-- Opening Marker --

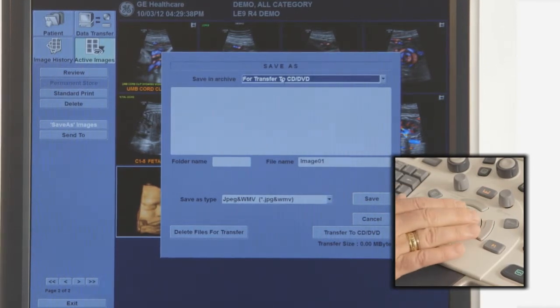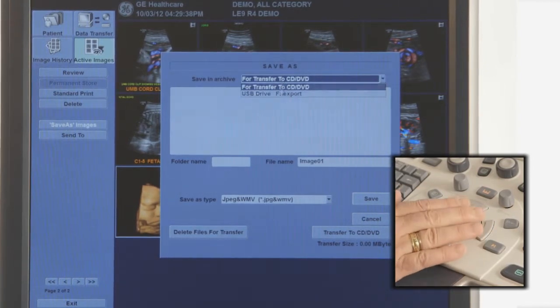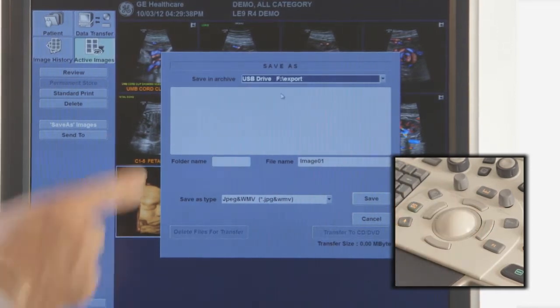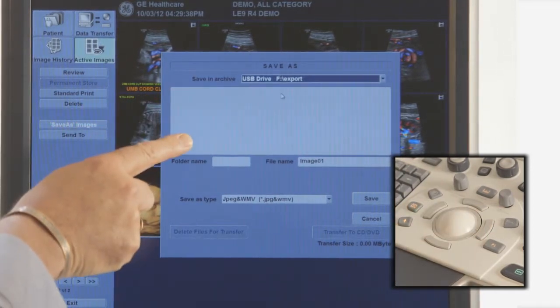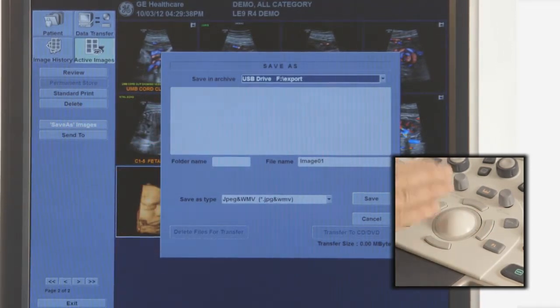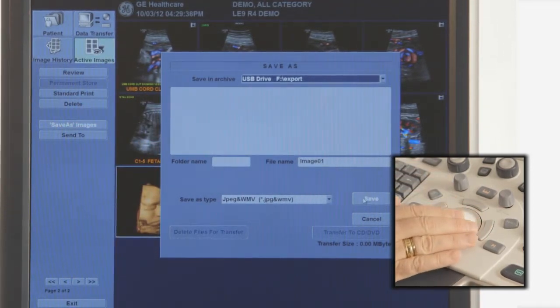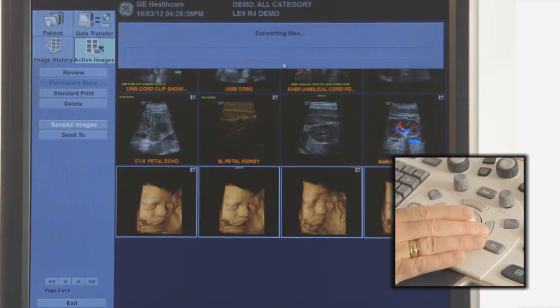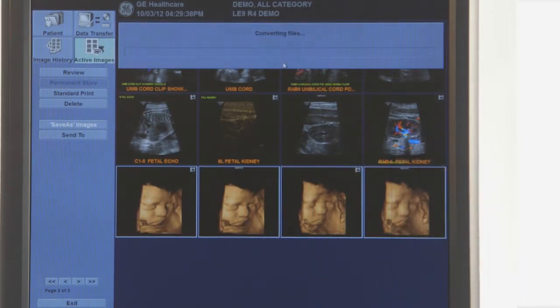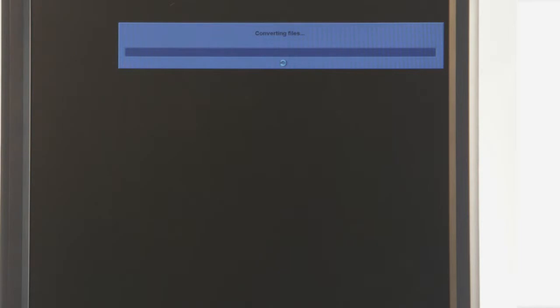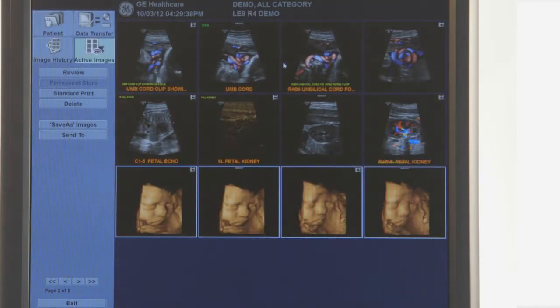Select Save As Images from the left side of the images. Choose the media type on the top of the Save As window. Make sure there are no images in the image buffer and then choose Save. If copying to USB media, you may now eject the drive using the F3 key.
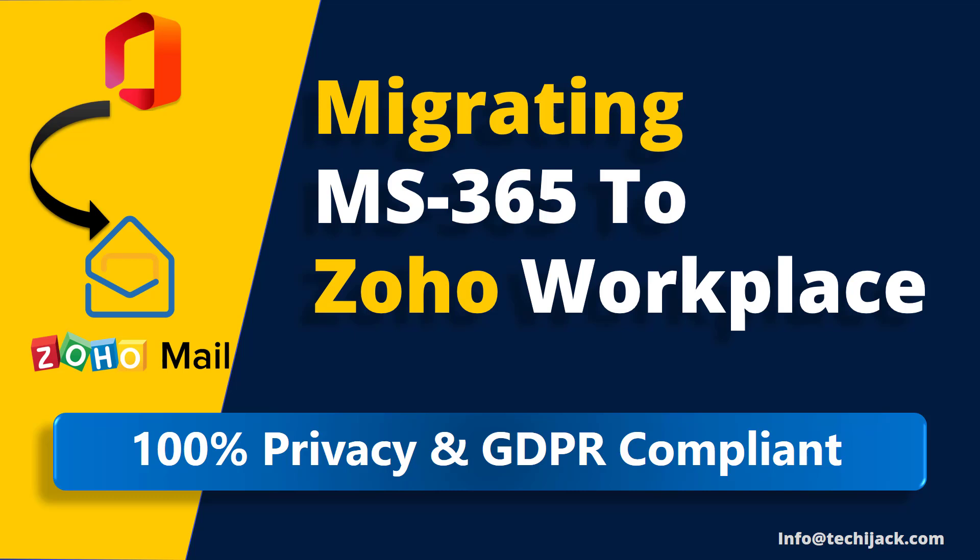Welcome to TechieJack. In this video, we will explore how to migrate your emails from Microsoft 365 to Zoho Workplace.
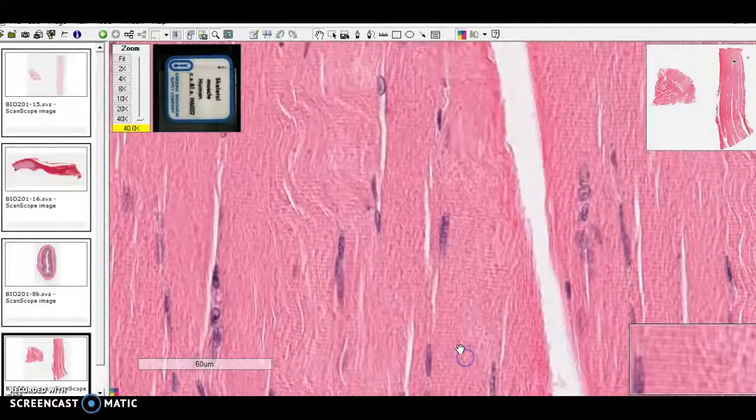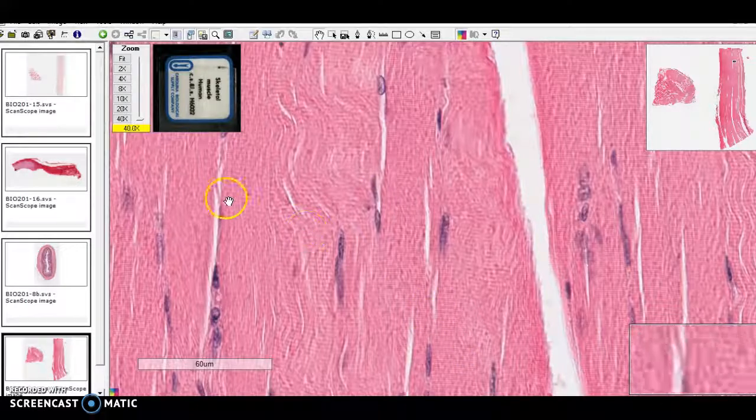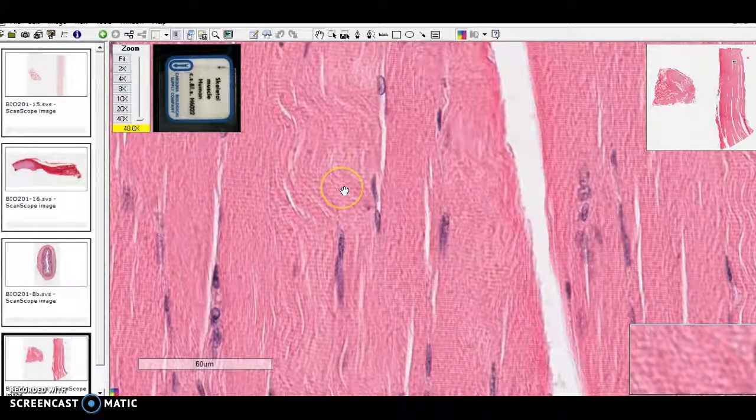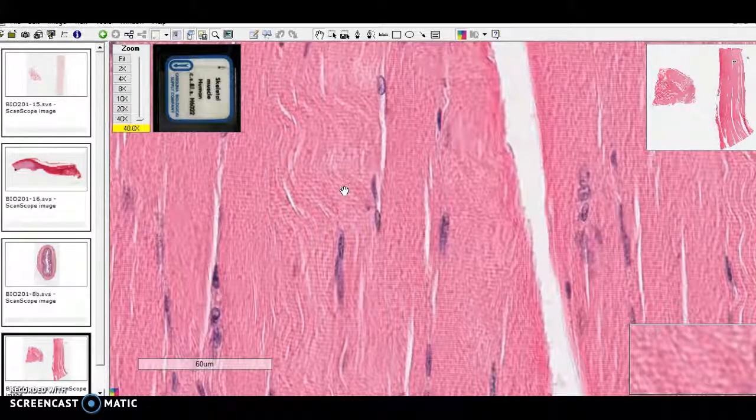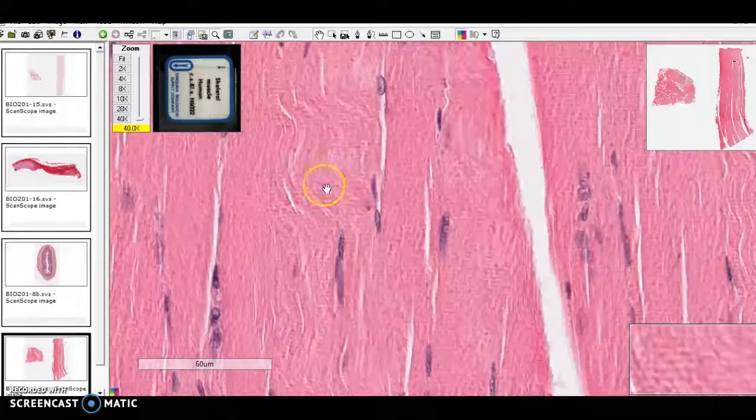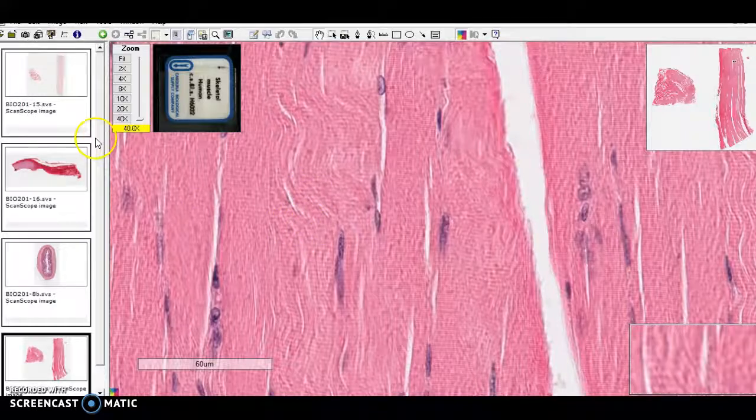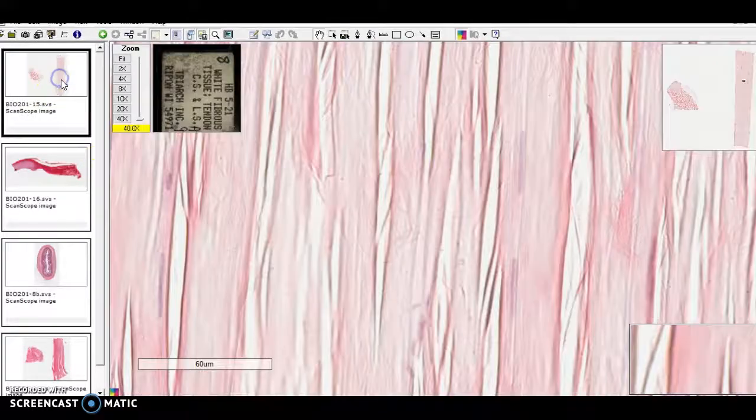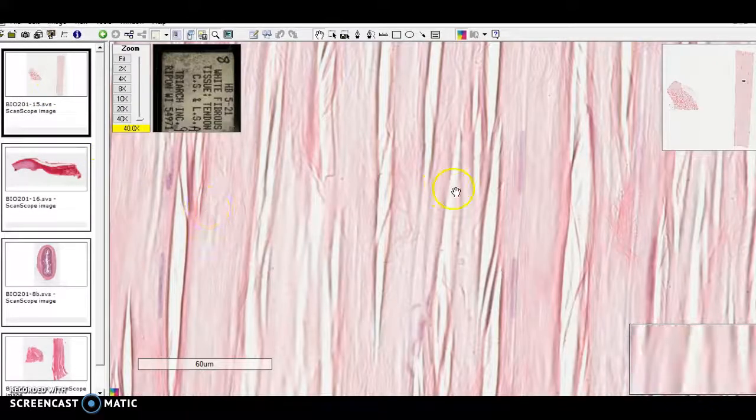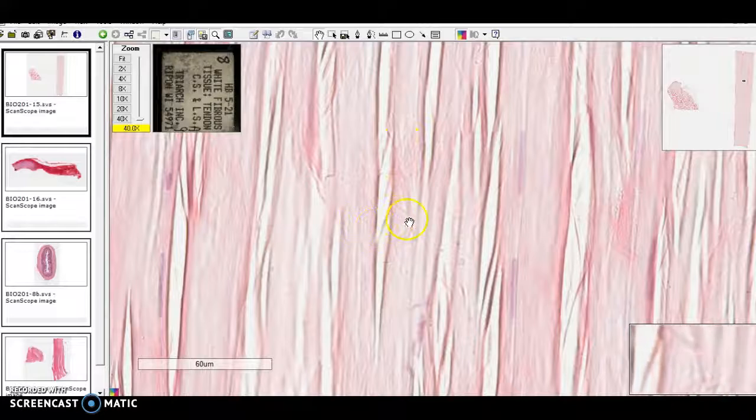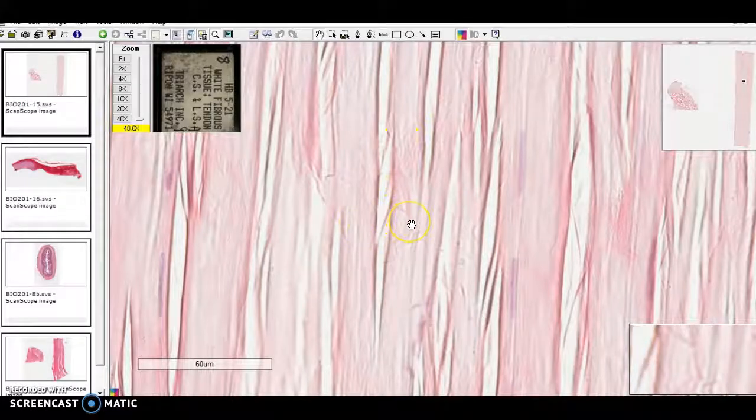When you see those, you know that it has to be either cardiac muscle or skeletal muscle. So that will be one hint that will help you distinguish this from dense regular connective tissue.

-- Closing Marker --

◆ Task objective: Write the data out again word for word; leave the pictures behind.

◆ Written answer:
Select Save As Images from the left side of the images. Choose the media type on the top of the Save As window. Make sure there are no images in the image buffer and then choose Save. If copying to USB media, you may now eject the drive using the F3 key.
Welcome to TechieJack. In this video, we will explore how to migrate your emails from Microsoft 365 to Zoho Workplace.
When you see those, you know that it has to be either cardiac muscle or skeletal muscle. So that will be one hint that will help you distinguish this from dense regular connective tissue.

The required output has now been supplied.